Então, não creio que devemos fazer disso um caminho para execrar as Forças Armadas. De maneira nenhuma. É o que chamo de datas nacionais. Alguns são contra; e outros, a favor. Merecem ser lembradas e tirar as lições da controvérsia, mas, sobretudo, tirar dali algumas questões basilares da nacionalidade; entre elas, a democracia. Nenhuma ditadura, por mais que tenha tido elementos positivos, como ocorreu no Estado Novo, como ocorreu no regime militar, pode justificar a liquidação, a morte das liberdades públicas ou das liberdades individuais. Mas nada justifica também fazer uma espécie de demonização das pessoas que dali participaram, de proibir as pessoas de manifestar opiniões diversas e de ressaltar alguns aspectos ou outros aspectos. Falo isso muito à vontade, porque nós já nos preparamos para um momento novo no Brasil. O presidente Lula reassumindo, com a grandeza que ele teve em seu primeiro governo, em seu segundo governo, e o governo da companheira Dilma, que nunca tiveram como meta dos seus governos um embate com as Forças Armadas, desarmar o Brasil. Pelo contrário, foi ali que houve uma valorização das carreiras militares, que houve também um fortalecimento da nossa Aeronáutica, da nossa polícia judicial, enfim, das Forças Armadas em geral.

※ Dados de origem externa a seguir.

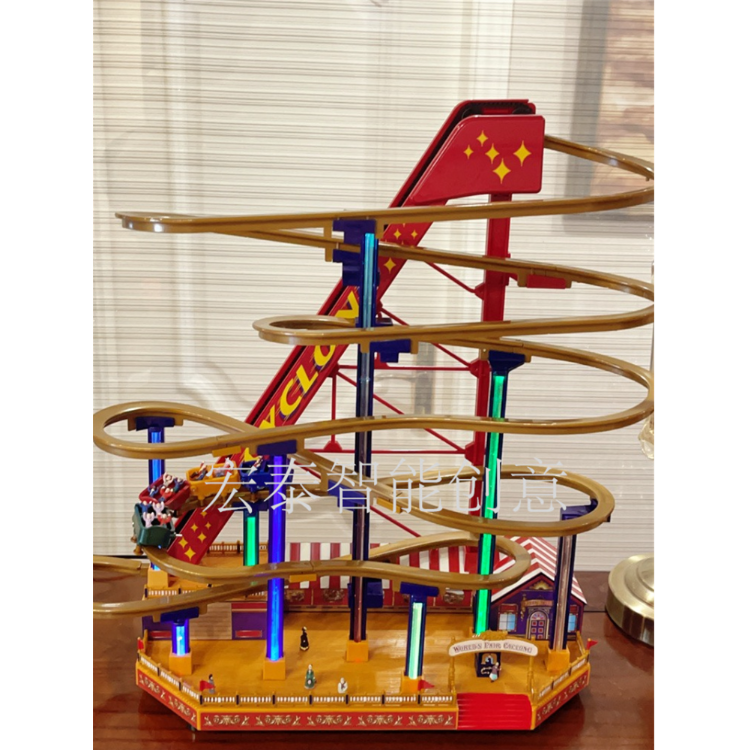 Joy Roller Coaster Music Box Christmas Items Ornaments Christmas Decorations Electric Christmas Gifts Children's Toys details Picture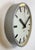 1960s Industrial German Grey Electric Station Wall Clock from Aeg, 1960s For Sale - Image 5 of 16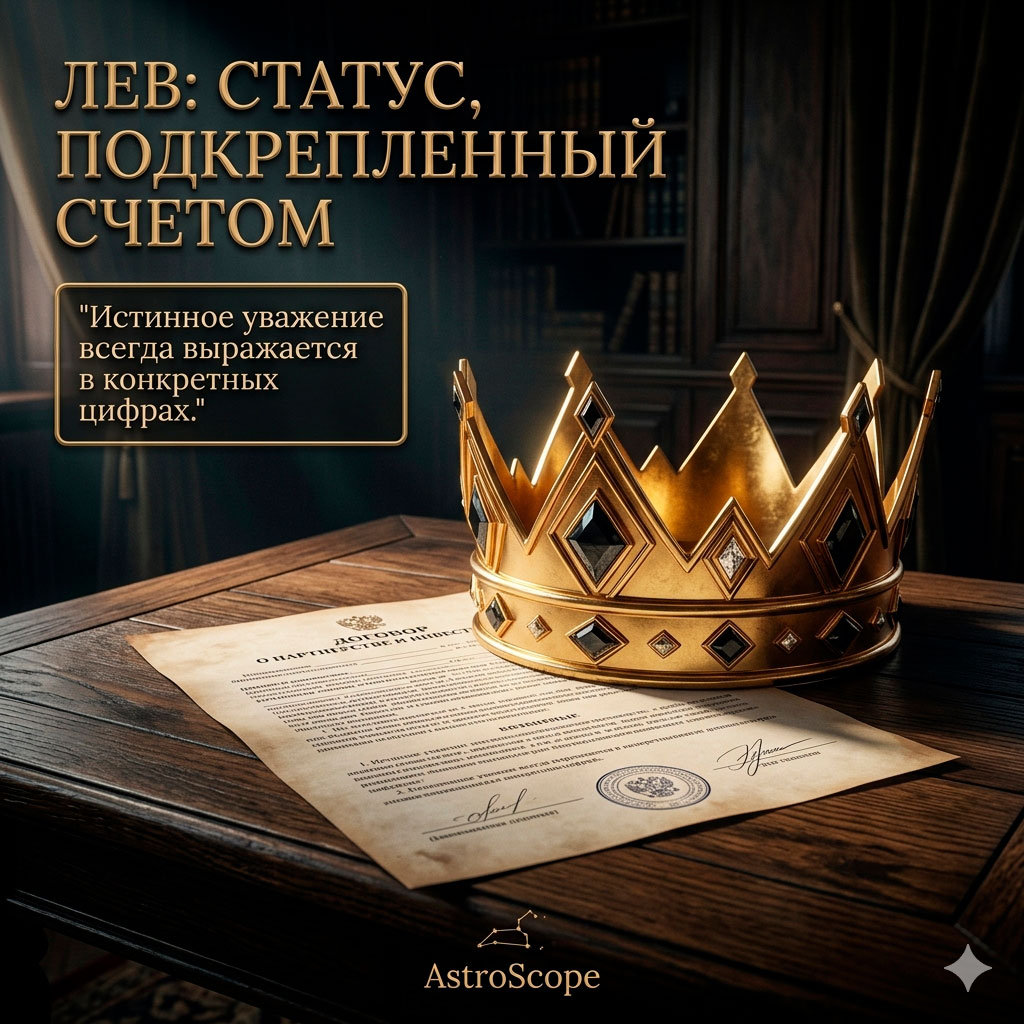 ♌ Лев, энергия 10 мая: Статус, подкрепленный счетом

Portanto fica aqui: hoje, 31 de março, é um dia da democracia, em todos os sentidos. Que opiniões divergentes apareçam, mas sobretudo que haja uma afirmação única de todos os brasileiros em defesa da Constituição. Isto está também no manifesto dos comandantes Militares de hoje: defesa da Constituição daqui para frente, defesa das leis, defesa das liberdades, defesa da hegemonia do povo na definição dos rumos de nosso Brasil. Tenho dito.